» Exercise objective: For the material below, reproduce exactly each line from the one that has "Panasonic CR2-2PK Photo" through the one that has "プルコギで肉じゃが-レシピのメイン写真", and no others; pictures stay out.

» Information given:
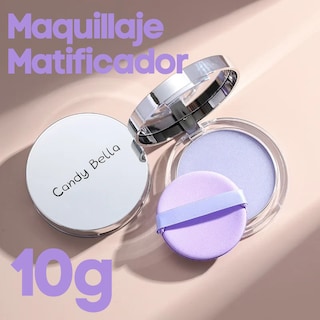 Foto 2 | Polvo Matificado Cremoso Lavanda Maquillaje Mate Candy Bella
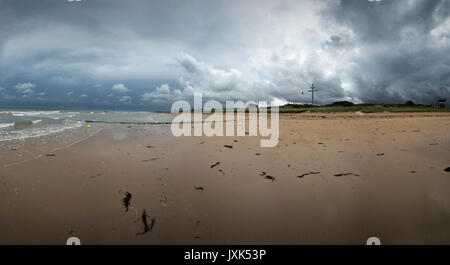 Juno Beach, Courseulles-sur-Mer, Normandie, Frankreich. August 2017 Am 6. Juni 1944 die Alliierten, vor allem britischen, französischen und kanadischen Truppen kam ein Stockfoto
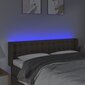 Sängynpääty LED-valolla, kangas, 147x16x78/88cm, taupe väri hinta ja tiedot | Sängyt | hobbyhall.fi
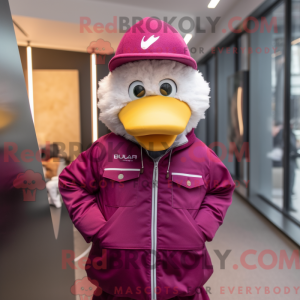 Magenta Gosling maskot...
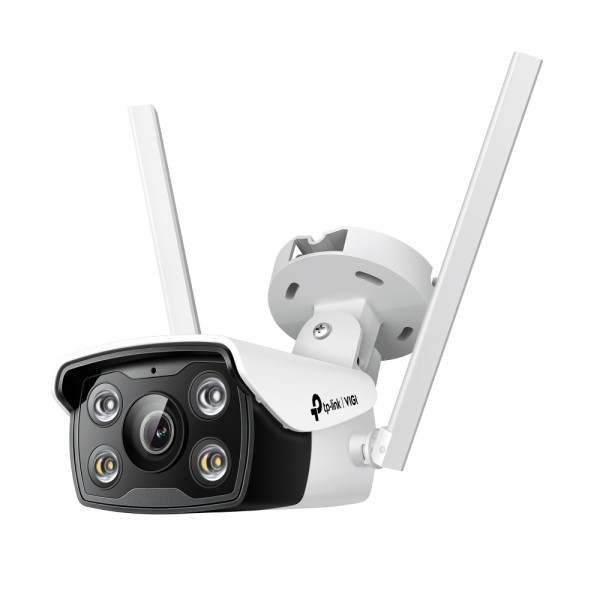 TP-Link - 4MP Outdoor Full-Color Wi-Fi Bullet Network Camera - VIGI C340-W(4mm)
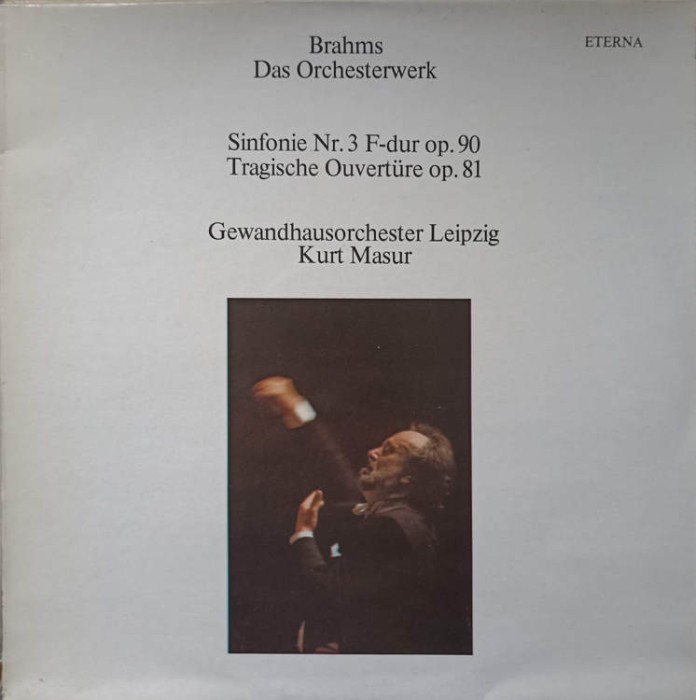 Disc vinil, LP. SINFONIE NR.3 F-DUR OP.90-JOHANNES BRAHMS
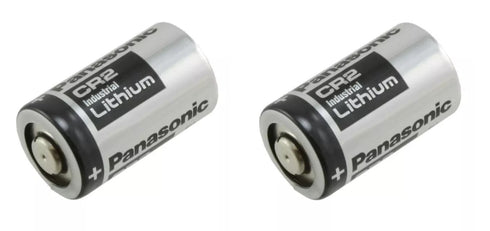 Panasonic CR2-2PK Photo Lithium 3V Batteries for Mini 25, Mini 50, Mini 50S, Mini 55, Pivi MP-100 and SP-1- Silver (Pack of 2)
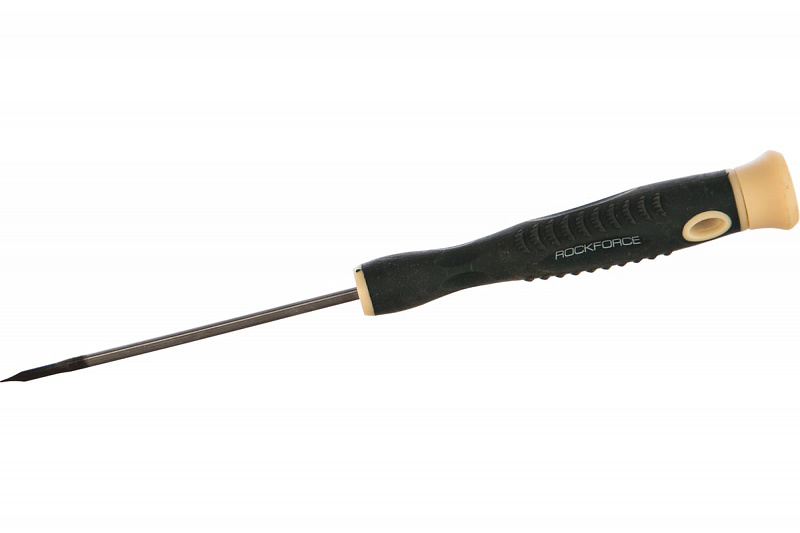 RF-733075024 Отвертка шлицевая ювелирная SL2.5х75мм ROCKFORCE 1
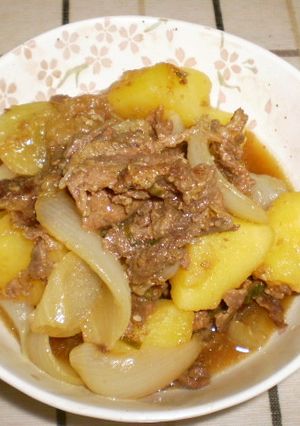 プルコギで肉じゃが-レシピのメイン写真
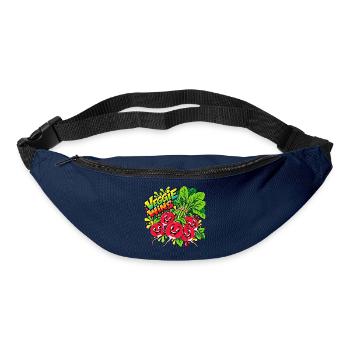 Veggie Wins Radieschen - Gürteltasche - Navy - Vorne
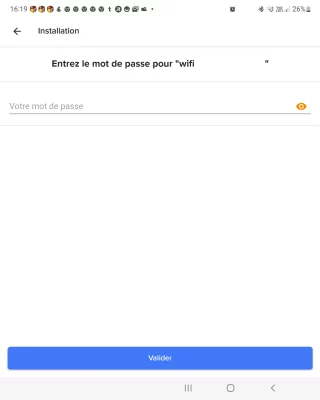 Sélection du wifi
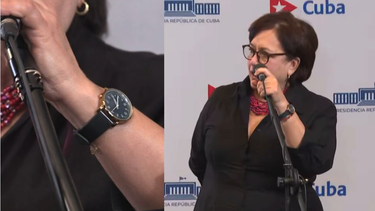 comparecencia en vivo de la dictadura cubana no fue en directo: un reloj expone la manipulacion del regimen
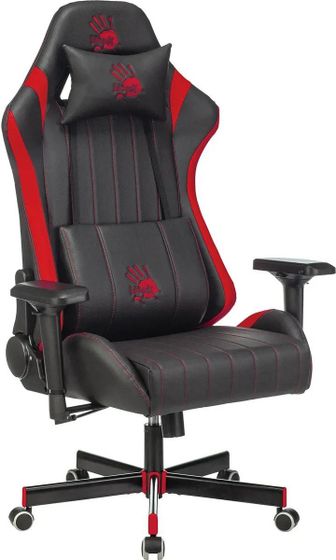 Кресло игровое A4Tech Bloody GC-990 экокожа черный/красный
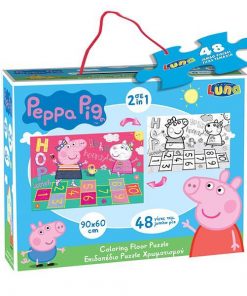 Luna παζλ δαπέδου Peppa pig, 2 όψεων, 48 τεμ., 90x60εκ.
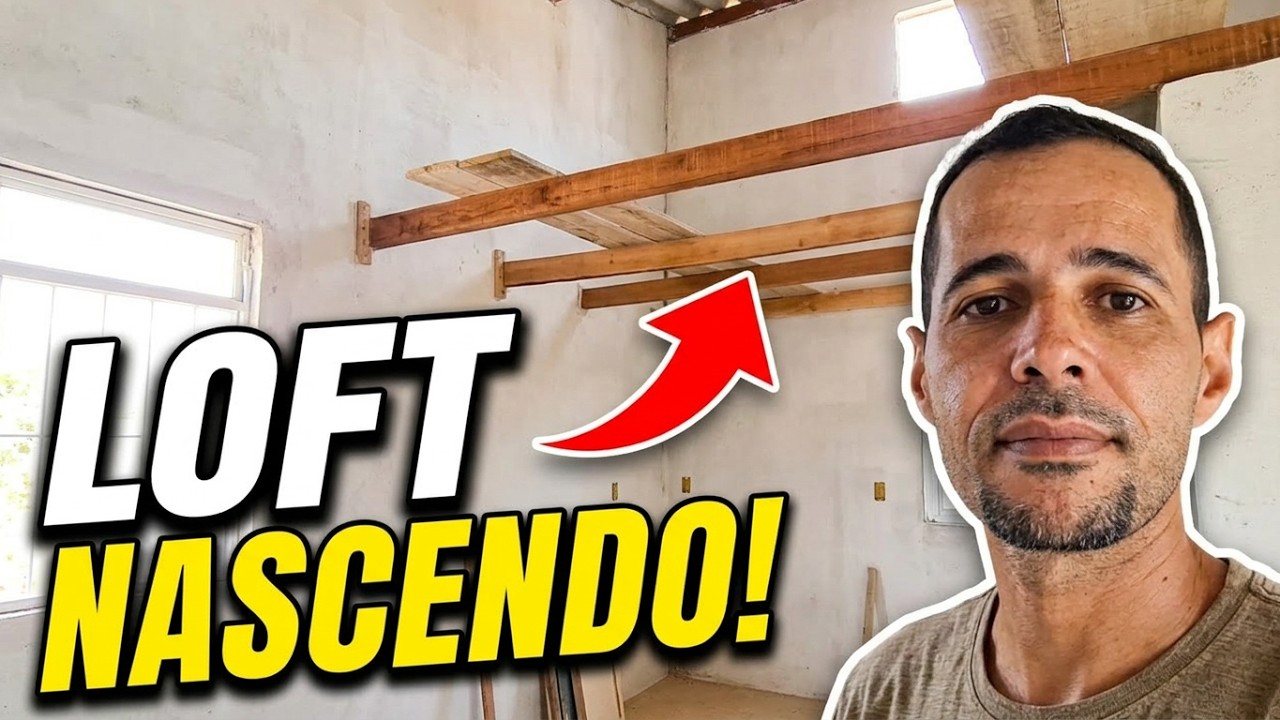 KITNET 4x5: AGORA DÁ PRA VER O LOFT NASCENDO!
==
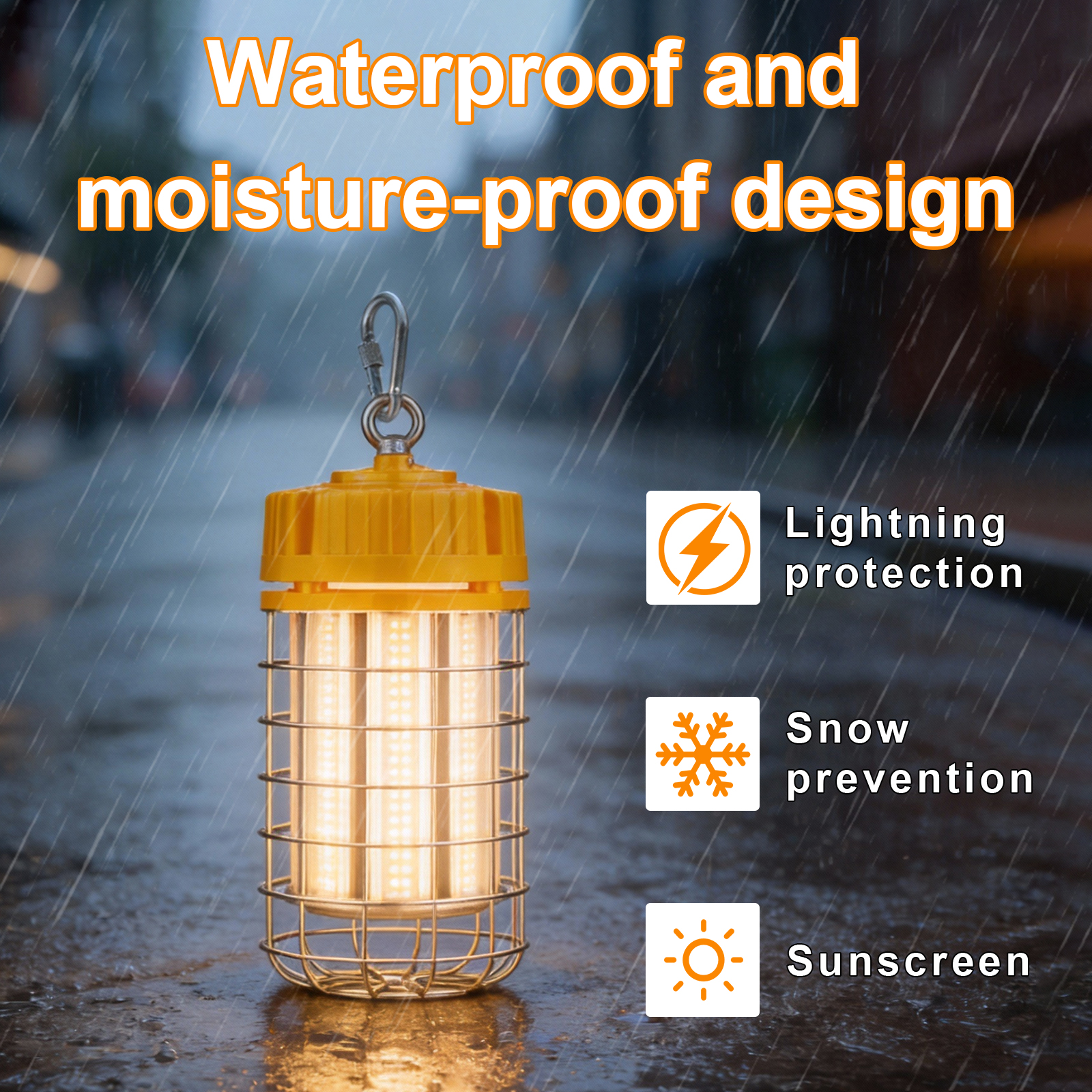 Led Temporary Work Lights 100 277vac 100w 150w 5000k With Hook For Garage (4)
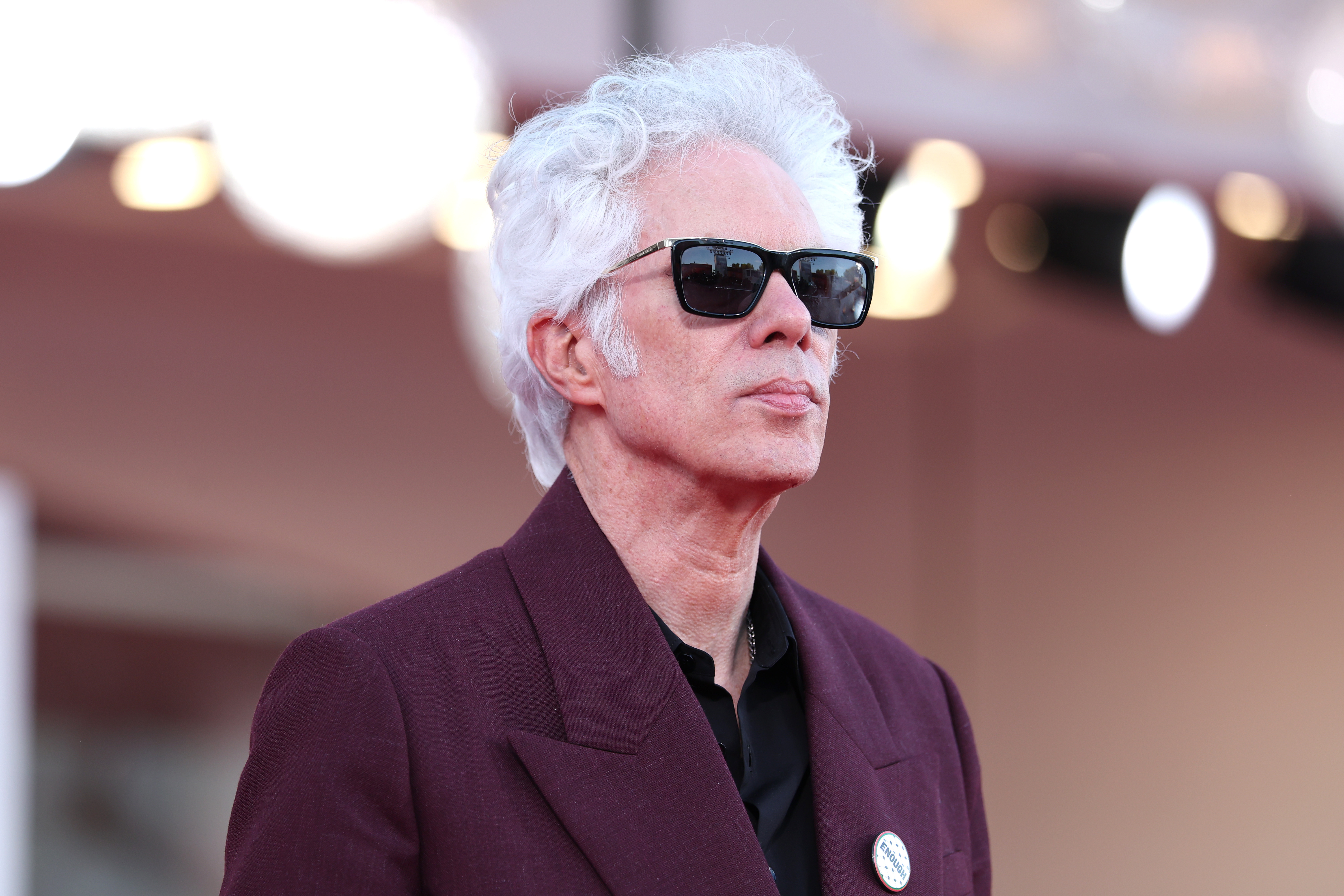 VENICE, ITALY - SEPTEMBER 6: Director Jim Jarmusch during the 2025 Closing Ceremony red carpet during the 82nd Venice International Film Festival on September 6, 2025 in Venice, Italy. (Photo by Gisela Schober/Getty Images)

» Task answer:
 Panasonic CR2-2PK Photo Lithium 3V Batteries for Mini 25, Mini 50, Mini 50S, Mini 55, Pivi MP-100 and SP-1- Silver (Pack of 2)
 RF-733075024 Отвертка шлицевая ювелирная SL2.5х75мм ROCKFORCE 1
 プルコギで肉じゃが-レシピのメイン写真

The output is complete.